1. Getting Started

This section provides a comprehensive guide to installing and setting up the MemSysExplorer Application Profiler, the top layer of the MemSysExplorer framework.

The profiler is designed to extract detailed memory access patterns and performance metrics from real applications, enabling subsequent analysis and modeling of memory technologies such as DRAM, HBM, and NVM. It supports a variety of workloads across both CPU and GPU platforms, and acts as the entry point for generating structured profiling data for downstream memory simulation and evaluation.

The overall profiling workflow is shown in Figure 1, which includes three categories of supported profilers:

  • Architecture-Independent Profilers Tools like DynamoRIO that use dynamic binary instrumentation (DBI) to analyze memory behavior independent of specific hardware.

  • Architecture-Dependent Profilers Tools such as Perf and NVIDIA Nsight Compute, which use hardware performance counters to collect platform-specific metrics.

  • Architectural Simulators Tools like Sniper Simulator, which model the entire memory hierarchy to provide cycle-level timing and bandwidth evaluation.

Important

MemSysExplorer GitHub Repository

Explore the codebase, raise issues, or contribute at: https://github.com/duca181/MemSysExplorer/tree/apps_dev/apps

To learn more about license terms and third-party attribution, refer to the 6. Licensing and Attribution page.

MemSysExplorer Application Profiling Framework

Figure 1: MemSysExplorer Application Profiling Framework

1.1 Supported Profilers

The following profilers are available in MemSysExplorer. Each has a dedicated directory in the GitHub repository. Refer to the linked folders for implementation details and advanced usage examples:

Note

GPU frontends such as nvbit and ncu should only be used with GPU workloads. Attempting to profile CPU binaries with these tools may result in undefined behavior or runtime errors.

1.2 Prerequisites

To run the MemSysExplorer Application Profiler, the following software dependencies must be installed:

  • CUDA: Version 10.x or higher

  • CUDA Toolkit: Version 10.x or higher

  • Python 3: Version 3.x or higher

  • DynamoRIO: Latest version

  • GCC: Latest version

For profilers that rely on Hardware Performance Counters (HPC)—such as Perf and NVIDIA Nsight Compute—additional system configuration is required.

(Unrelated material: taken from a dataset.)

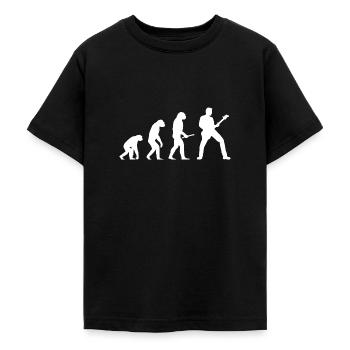 Guitar Evolution - Guitars Guitar Playercuteblacki - Teenage T-Shirt - black - Front - AI Model Teenager Male light (155cm)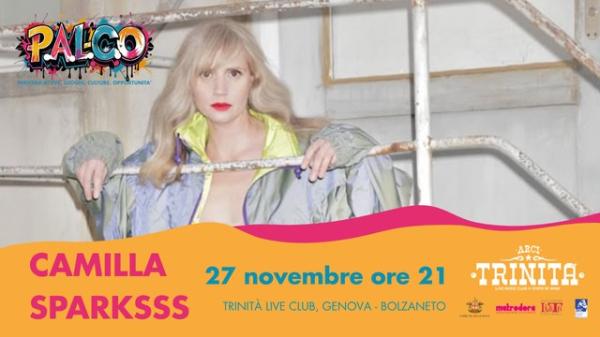 Camilla Sparksss al Trinità Live Club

Specifically, you must enable access to performance counters at the system level to allow these tools to capture low-level memory statistics. On Linux systems, this often involves modifying /proc/sys/kernel/perf_event_paranoid or applying appropriate capabilities using setcap or sudo privileges.

To enable performance counters on NVIDIA GPUs, please follow the instructions provided at the following link:

Enabling NVIDIA Performance Counters

1.3 Installing the Repository

To get started with MemSysExplorer, begin by cloning the repository from GitHub. This repository contains the full source code for the application profiler, including frontend tools, example workloads, and configuration scripts.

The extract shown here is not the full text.